Empire's End: Aftermath (Star Wars) Page 9
The slaves continue creeping toward her.
They’re going to kill me. Or turn me into one of them. She flashes on that: her and Brentin, bleached white, painted with blood-red dust, kissing the rotten flesh of this wretched slime-snake. Their “mistress.”
She tries to imagine the Empire that she will one day rule: And the image of it, once strong in her head, is now a fading picture, like a painting under floodwater, its colors running, bleaching to the point of oblivion.
It’s ruined. It’s over. There is no Empire.
I’ll never be the Emperor of anything.
The Hutt is right. I’m no grand admiral.
I have my revenge and only that.
That decides it. She hurriedly tells the Hutt:
“What’s out there is a weapon. You let me go—you let me get Rax—and you can have it.” The Hutt dismisses it with a wave of her long-fingered hand, and the slaves advance. Brentin cries out as they smash his face harder into the stone. Sloane feels her blood pulsing in her neck like a bird trapped in a tightening grip. She keeps talking: “The weapon out there is bigger than any Death Star we’ve ever built. Imagine it. Imagine it being not in our hands, and not in the hands of the New Republic, but in the hands of the Hutts. Your hands. It is a weapon built for a god. Or…a goddess.”
It’s a deception. She has no idea what the weapon is. Or if it’s a weapon at all. But if the lie gets her passage, lets her survive…
Niima’s hand goes up, quivering fingers splayed out.
The Hutt-slaves cease their advance.
“Mendee-ya jah-jee bargon. Achuta kuna payuska Granee Ad-mee-rall.”
The words echo louder when the box translates them:
“WE HAVE A DEAL, GRAND ADMIRAL. YOU MAY PASS. YOU WILL TAKE ME TO THE WEAPONS FACILITY.”
“Take you? No, I must go—”
Alone.
But the Hutt is already turning around, slithering back toward the tunnels. Her slaves are again struggling to get underneath her, and when they do, they lift her up back toward the nearest chamber.
As she slithers forward, the Hutt says, translated:
“COME, GRAND ADMIRAL. MY TEMPLE AWAITS. FIRST WE FEAST. THEN AT DAWN WE LEAVE.”

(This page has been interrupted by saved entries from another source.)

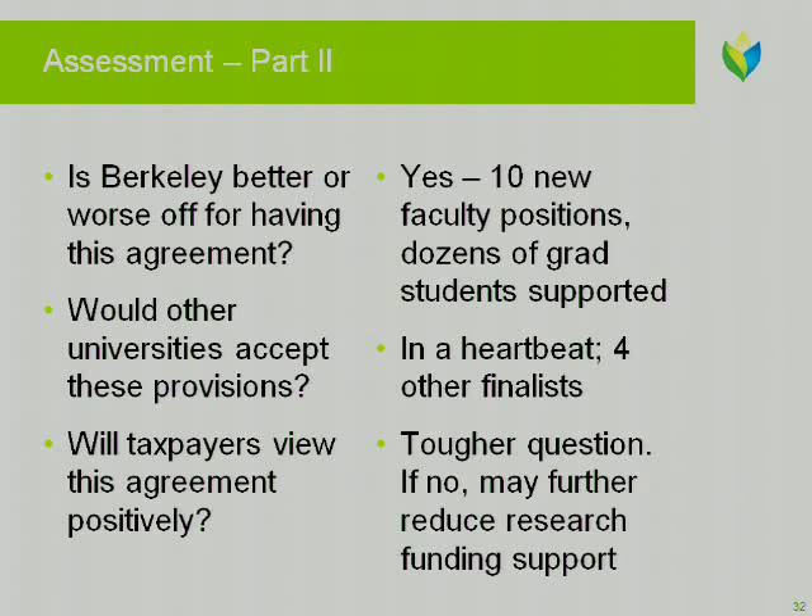Let me look at it from BP's side. Now you made the point earlier that maybe this could be beneficial from a reputation and public relations point of view.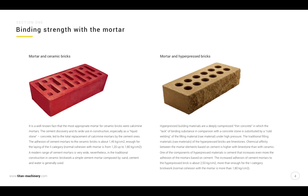Mortar and hyper-pressed bricks. Hyper-pressed building materials are deeply compressed thin concrete in which the lack of binding substance, compared to concrete stone, is substituted by cold welding of the raw filling material under high pressure. The traditional raw materials of hyper-pressed bricks are limestones. Chemical affinity between cement-based mortar elements is higher with limestone than with ceramic. One component of hyper-pressed materials is cement, which further increases mortar adhesion. The increased adhesion of cement mortars to hyper-pressed brick is about 2.53 kilograms per square centimeter — more than enough for first-category brick block. Normal cohesion with the mortar is more than 1.8 kilograms per square centimeter.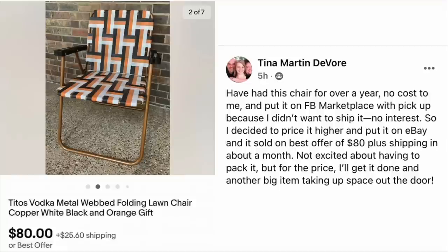We're going to start with Tina Martin DeVore. She had this chair for over a year at no cost to her, put it on Facebook Marketplace with pickup because she didn't want to ship it — no interest. So she decided to price it higher and put it on eBay, and sold it on best offer of $80 plus shipping in about a month. Not excited about having to pack it, but for the price she'll get it done, and another big item taking up space is out the door. The item is a Tito's Vodka Metal Webbed Folding Lawn Chair.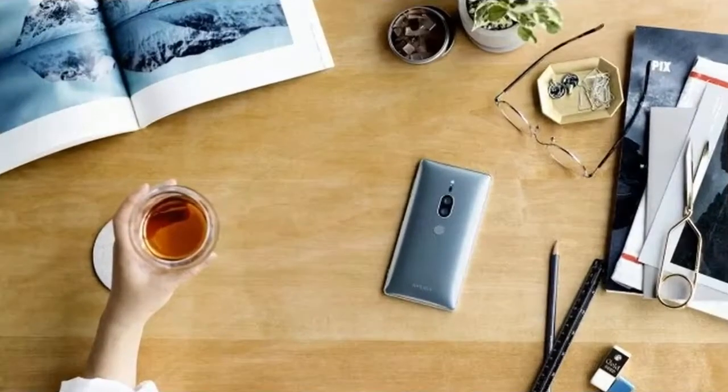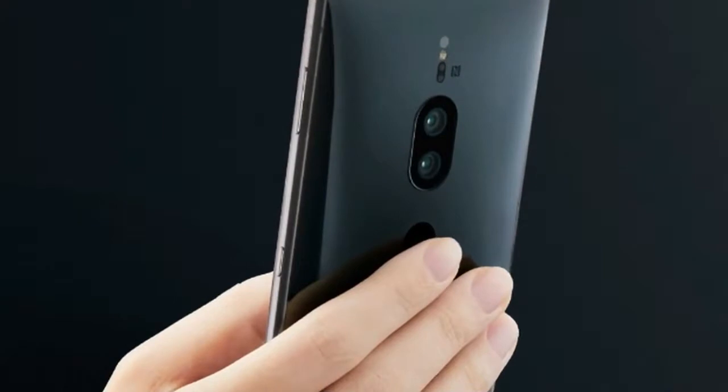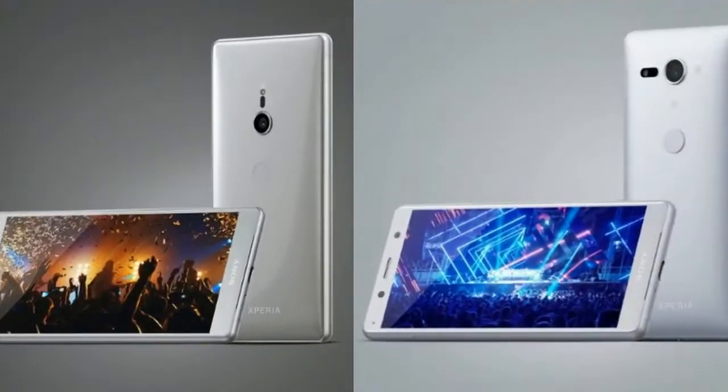We're over a month removed from the announcement of the Xperia XZ2 and XZ2 Compact, which have just gone on sale in the US, but Sony has a third member of the lineup to launch now: the Xperia XZ2 Premium. The XZ2 Premium is mostly the same as the standard XZ2, aside from a handful of notable internal changes.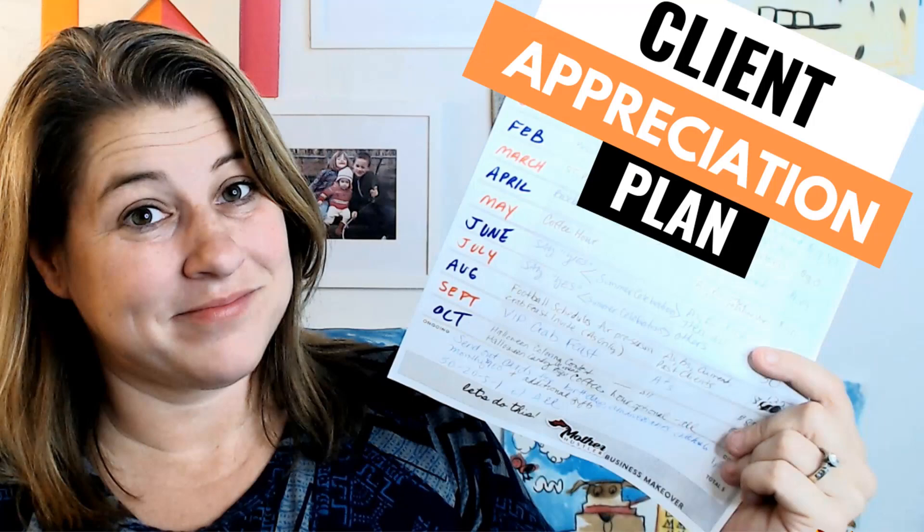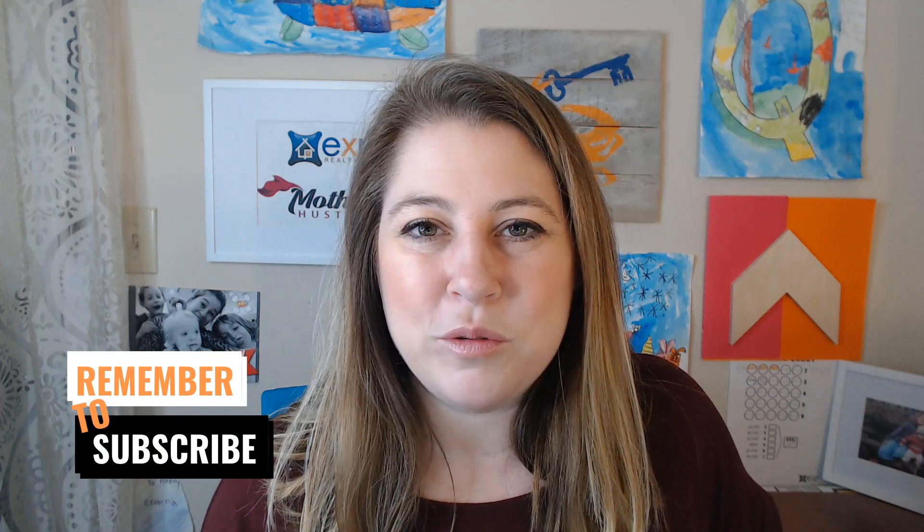Our industry tends to make the CRM thing way too complicated, but when it boils down to it, it helps you become more efficient and helps you maintain and build relationships efficiently. If you want help figuring out what activities to do with your CRM each month, I have a video where I share exactly what I do. If this video helped take the mystery out of CRMs, please hit the like button and subscribe.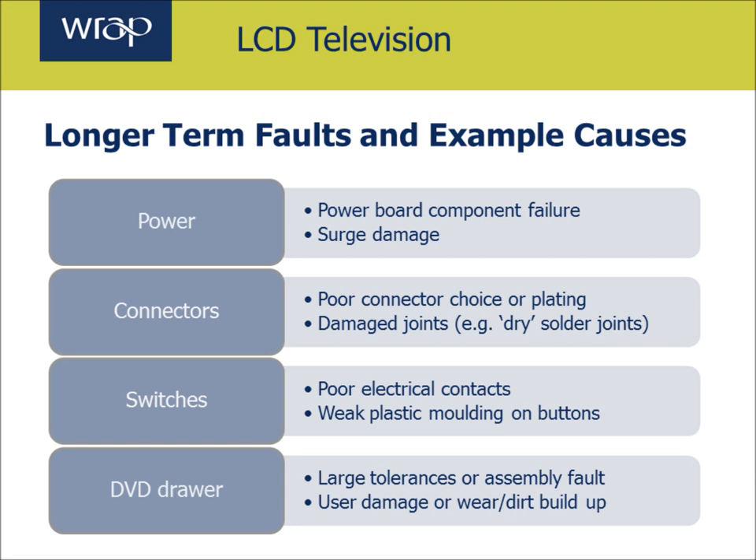The next thing is around switches. You can have poor electrical contacts on switches, or maybe it's the way the plastic moulding is made that means the contact isn't very strong or the button eventually weakens. And then a lot of units also have a DVD player. DVD players are reasonably reliable but eventually they will wear of course, and the laser unit will fail, or perhaps the mechanical aspects that bring the DVD tray in and out of the unit.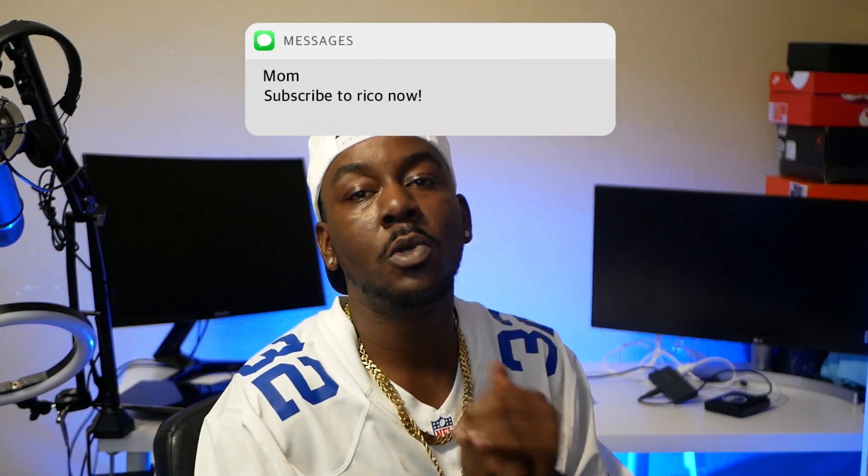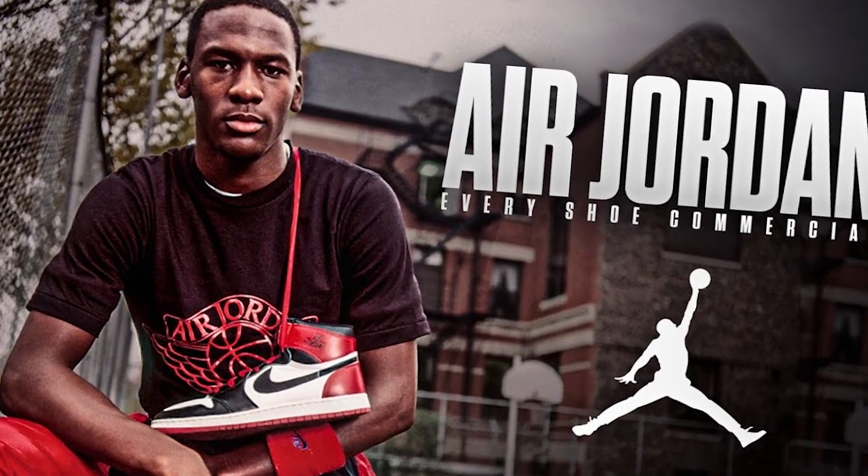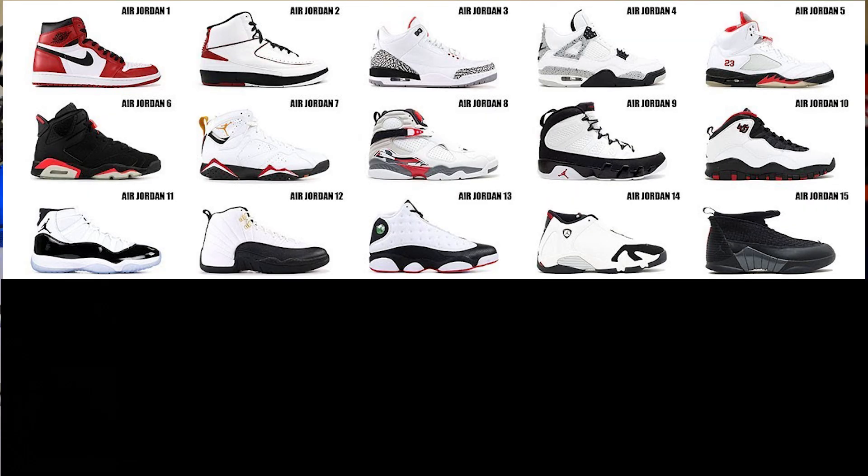The very first thing you need to understand is that when it comes to Jordans, we're gonna talk about Jordan first and then Nike. As far as Jordan, you have Michael Jordan's rookie year — he received his signature shoe line, which starts with the Jordan number one, and goes all the way up to, I believe, 30 or 40 something right now. But the retros that everybody recognizes is one through 15. Some people will say it's one through 13.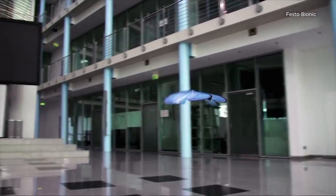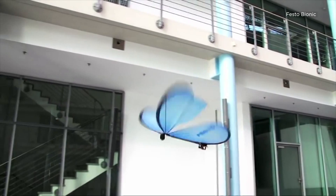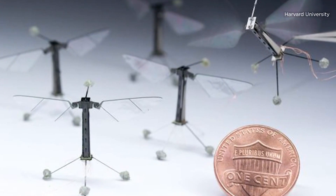This is not a butterfly. It's a nano-drone, a tiny, easy-to-disguise surveillance device. The U.S. military, Harvard scientists, and private companies are all developing them.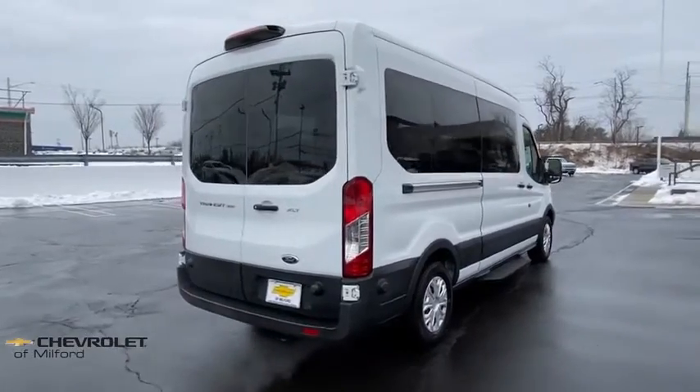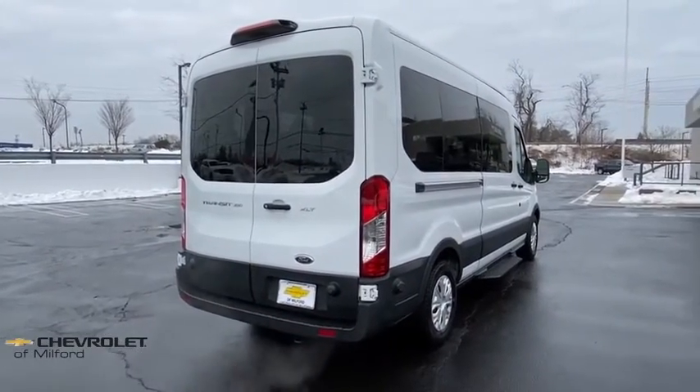This vehicle has less than 30,000 miles. Here are some of this vehicle's great options.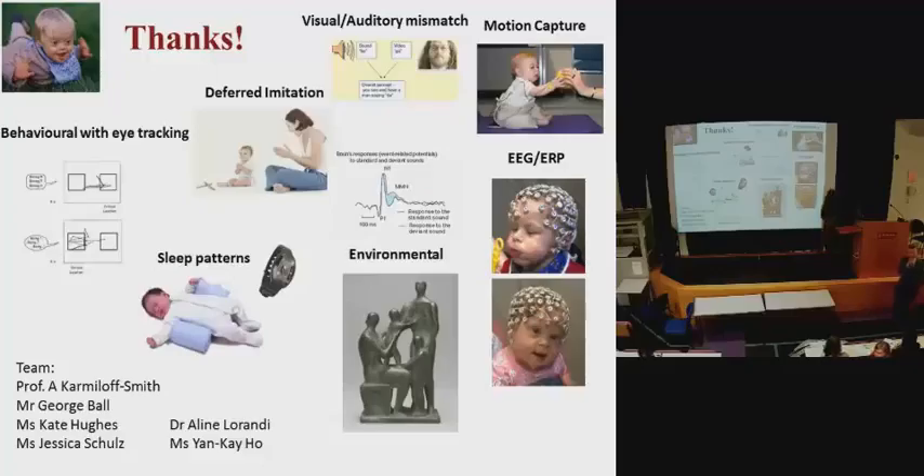In the Q&A, an audience member asked whether there is a plan to follow these babies for years to come. The presenter explained that they plan to follow 40 babies longitudinally, focusing on the extremes — identifying the 'high flyers' — and tracking those longitudinally, aiming to see them three times within their five-year grant period.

They call him the old veteran, which is funny because he’s only ten years old. But he’s been here longer than all the other kids. Refugees come and refugees go, all from worlds either damaged in war or where the Empire was run off, leaving only chaos in the absence. Some of the children stay for one wave, two, even three—but eventually someone comes, someone fancy, and adopts them.
But not Mapo.
Mapo, with one ear gone, half his face looking like the business end of a woodworking rasp. The scar tissue, like bad ground, runs up from his jaw, over the hole that used to be his ear, and to his scalp. The hair doesn’t grow there. For a while he tried growing the rest of his hair out and letting it fall over that side like a river going over a waterfall, but the maven said it just made him look even less approachable.
(As if such a thing were possible.)
His arm on that side, too, isn’t so good anymore. It’s bent and hanging half useless like the arm of some clumsy blurrg. It works. But not well.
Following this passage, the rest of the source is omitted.